### WHAT TO PRODUCE
Which of the lines below hold "couch"? Please return each one.

(Short text fragments from websites)
######
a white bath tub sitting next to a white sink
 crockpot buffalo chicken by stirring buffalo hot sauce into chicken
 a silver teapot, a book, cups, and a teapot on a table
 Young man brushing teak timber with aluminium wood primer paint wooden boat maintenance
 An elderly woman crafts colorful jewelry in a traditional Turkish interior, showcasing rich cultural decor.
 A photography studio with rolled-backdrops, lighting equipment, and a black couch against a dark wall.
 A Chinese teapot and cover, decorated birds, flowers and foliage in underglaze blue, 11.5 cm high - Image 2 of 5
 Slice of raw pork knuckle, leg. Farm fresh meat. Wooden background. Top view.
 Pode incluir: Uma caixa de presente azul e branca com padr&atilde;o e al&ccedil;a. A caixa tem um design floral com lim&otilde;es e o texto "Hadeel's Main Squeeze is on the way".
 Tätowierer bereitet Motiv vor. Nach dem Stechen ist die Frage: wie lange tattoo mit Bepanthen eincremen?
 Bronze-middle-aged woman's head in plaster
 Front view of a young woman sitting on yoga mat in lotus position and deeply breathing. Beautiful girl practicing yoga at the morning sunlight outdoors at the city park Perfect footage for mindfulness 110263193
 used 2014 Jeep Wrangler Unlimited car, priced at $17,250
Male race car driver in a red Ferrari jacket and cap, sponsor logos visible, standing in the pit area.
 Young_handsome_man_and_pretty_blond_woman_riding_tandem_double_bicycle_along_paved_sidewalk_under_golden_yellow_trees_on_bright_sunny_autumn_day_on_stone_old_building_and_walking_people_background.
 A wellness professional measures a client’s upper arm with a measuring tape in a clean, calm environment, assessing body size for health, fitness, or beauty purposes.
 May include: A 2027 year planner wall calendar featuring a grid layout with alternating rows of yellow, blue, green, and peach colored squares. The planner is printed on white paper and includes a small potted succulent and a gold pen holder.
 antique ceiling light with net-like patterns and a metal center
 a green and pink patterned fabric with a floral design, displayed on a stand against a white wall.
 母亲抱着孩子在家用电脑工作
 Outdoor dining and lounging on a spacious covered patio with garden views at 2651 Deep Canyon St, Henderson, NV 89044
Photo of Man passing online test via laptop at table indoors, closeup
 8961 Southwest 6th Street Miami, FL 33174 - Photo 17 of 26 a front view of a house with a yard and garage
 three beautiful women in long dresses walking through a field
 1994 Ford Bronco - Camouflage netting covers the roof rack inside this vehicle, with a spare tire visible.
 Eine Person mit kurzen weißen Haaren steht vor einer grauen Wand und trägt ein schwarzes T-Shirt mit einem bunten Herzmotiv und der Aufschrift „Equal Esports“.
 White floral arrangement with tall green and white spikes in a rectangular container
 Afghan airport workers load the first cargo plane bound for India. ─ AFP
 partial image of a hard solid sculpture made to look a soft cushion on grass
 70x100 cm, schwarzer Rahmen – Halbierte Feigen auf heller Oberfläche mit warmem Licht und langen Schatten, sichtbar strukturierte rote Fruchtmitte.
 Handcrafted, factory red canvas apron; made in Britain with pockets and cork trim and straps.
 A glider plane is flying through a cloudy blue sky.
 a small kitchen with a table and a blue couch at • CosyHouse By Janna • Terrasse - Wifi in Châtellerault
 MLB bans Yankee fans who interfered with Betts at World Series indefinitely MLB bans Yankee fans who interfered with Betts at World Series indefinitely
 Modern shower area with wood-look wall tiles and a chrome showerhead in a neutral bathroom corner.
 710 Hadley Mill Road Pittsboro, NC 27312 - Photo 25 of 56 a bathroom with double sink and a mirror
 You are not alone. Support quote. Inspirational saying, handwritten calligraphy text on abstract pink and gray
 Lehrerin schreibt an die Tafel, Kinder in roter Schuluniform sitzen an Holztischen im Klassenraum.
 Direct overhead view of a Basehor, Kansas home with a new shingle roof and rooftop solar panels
######
### RESULT
 A photography studio with rolled-backdrops, lighting equipment, and a black couch against a dark wall.
 a small kitchen with a table and a blue couch at • CosyHouse By Janna • Terrasse - Wifi in Châtellerault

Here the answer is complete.